In the records below, repeat word for word only the lines starting at the one that contains "Sort Ford C-MAX fra 2018" and ending at the one that contains "Hotel Posada Terranova", pictures excluded.

* **Source records**

****************************************

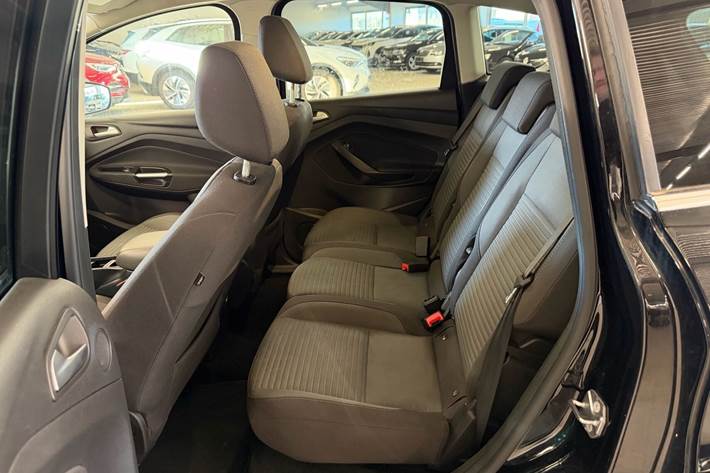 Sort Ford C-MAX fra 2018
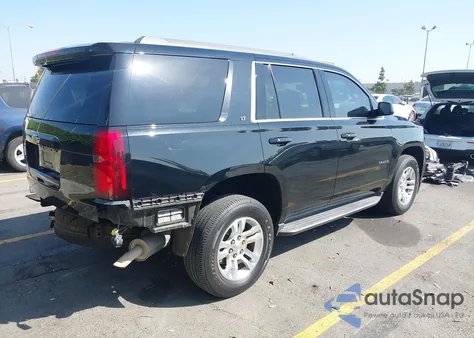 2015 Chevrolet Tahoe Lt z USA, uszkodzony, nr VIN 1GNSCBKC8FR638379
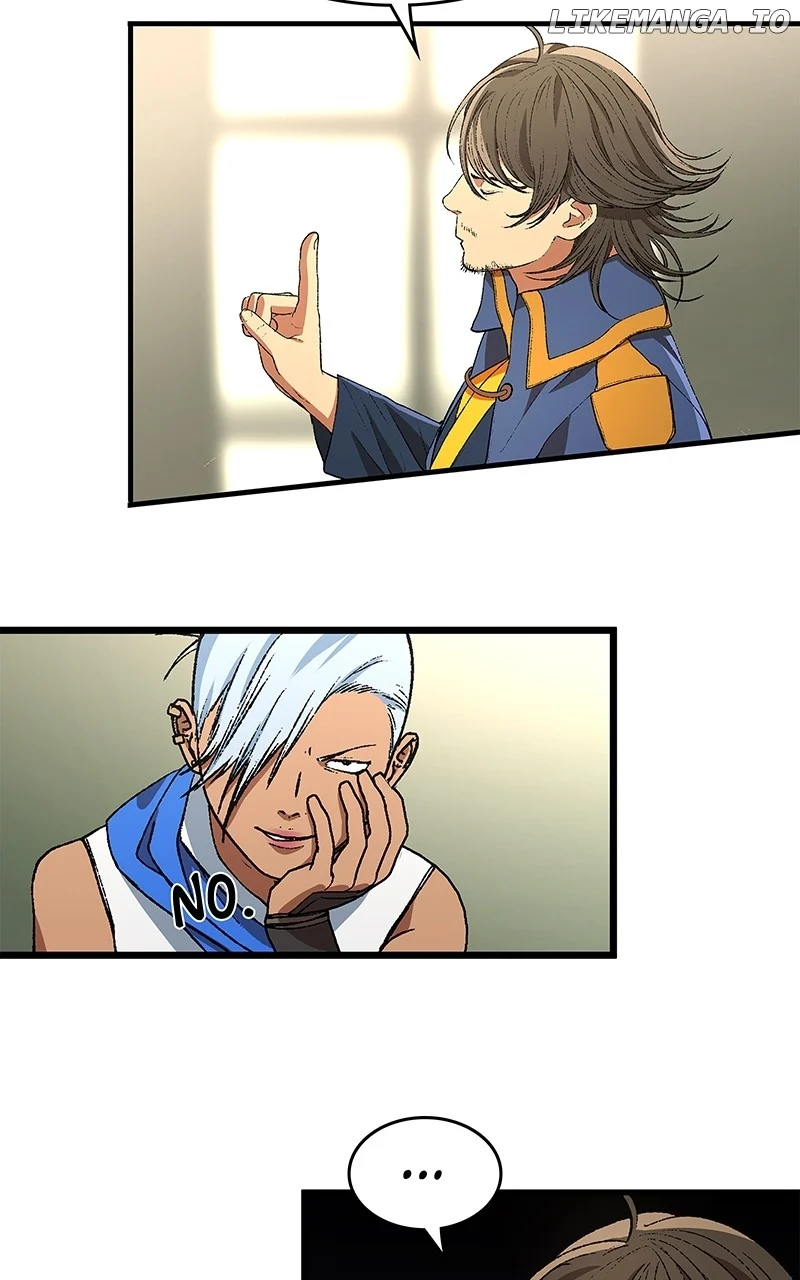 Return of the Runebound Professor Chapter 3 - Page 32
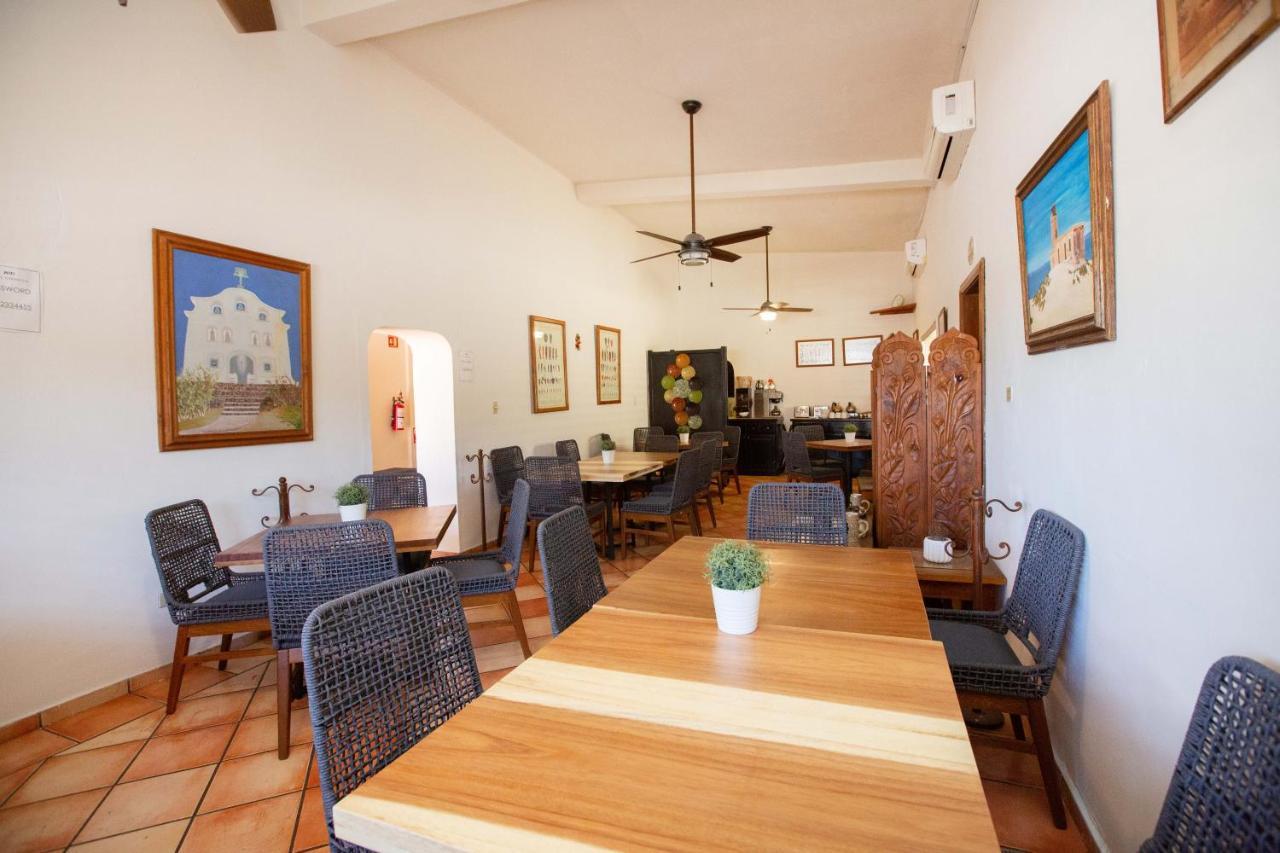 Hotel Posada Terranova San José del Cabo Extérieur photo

****************************************

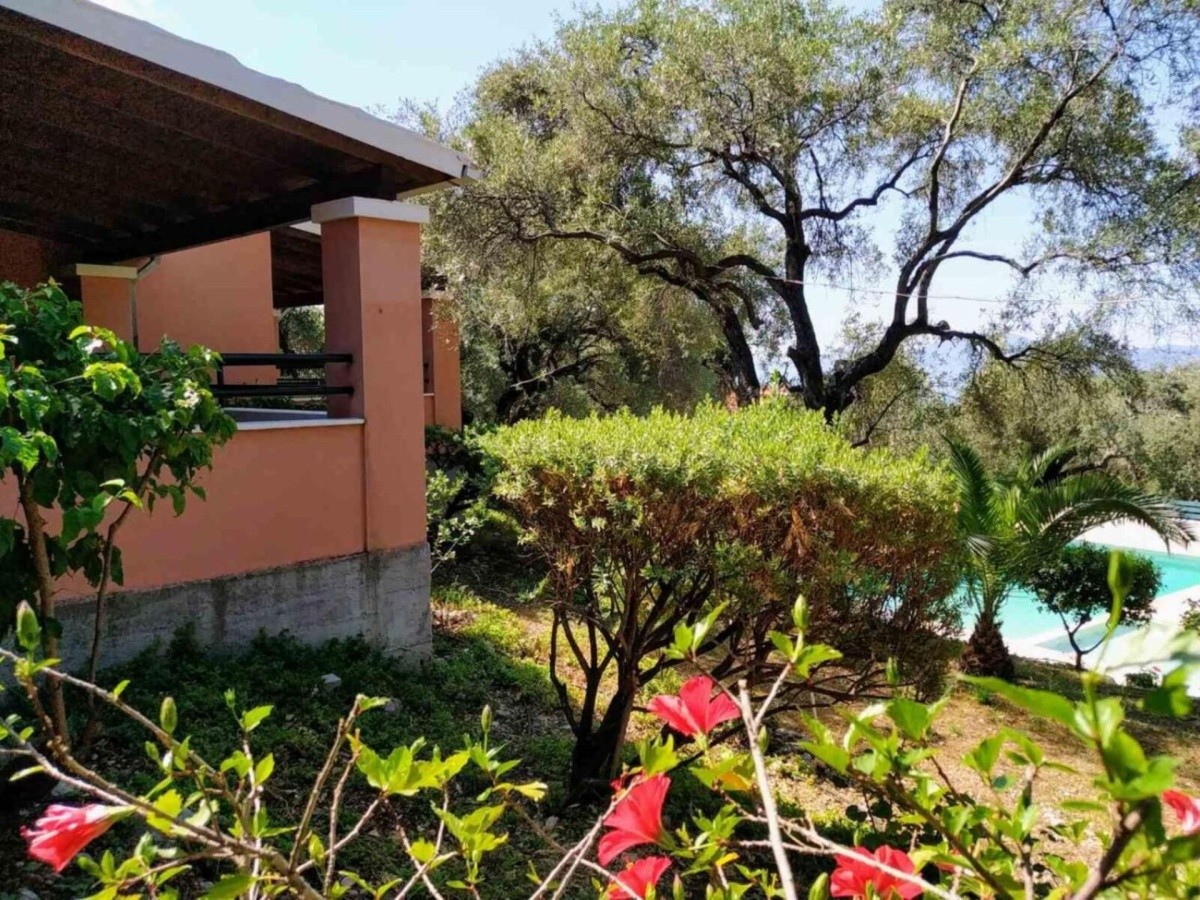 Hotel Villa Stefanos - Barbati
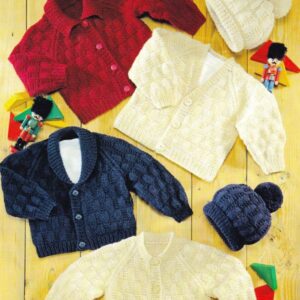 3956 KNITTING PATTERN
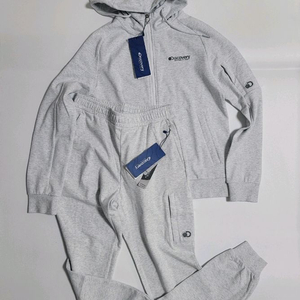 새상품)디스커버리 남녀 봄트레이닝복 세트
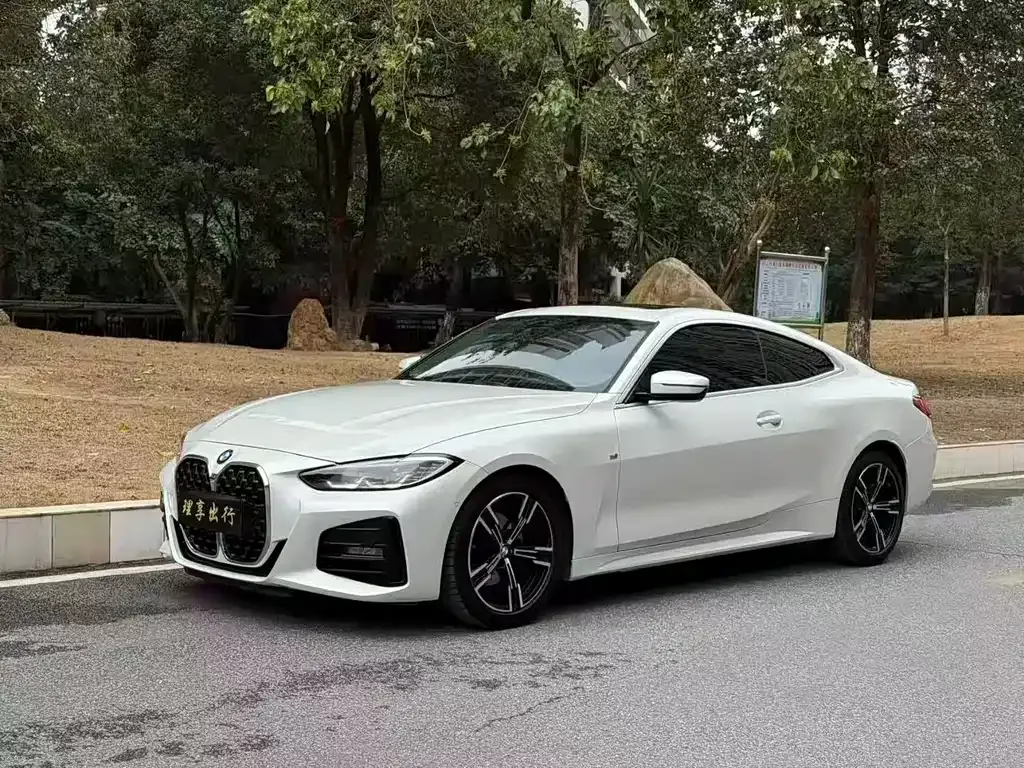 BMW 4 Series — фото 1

****************************************

* **Reply**
 Sort Ford C-MAX fra 2018
 2015 Chevrolet Tahoe Lt z USA, uszkodzony, nr VIN 1GNSCBKC8FR638379
 Return of the Runebound Professor Chapter 3 - Page 32
 Hotel Posada Terranova San José del Cabo Extérieur photo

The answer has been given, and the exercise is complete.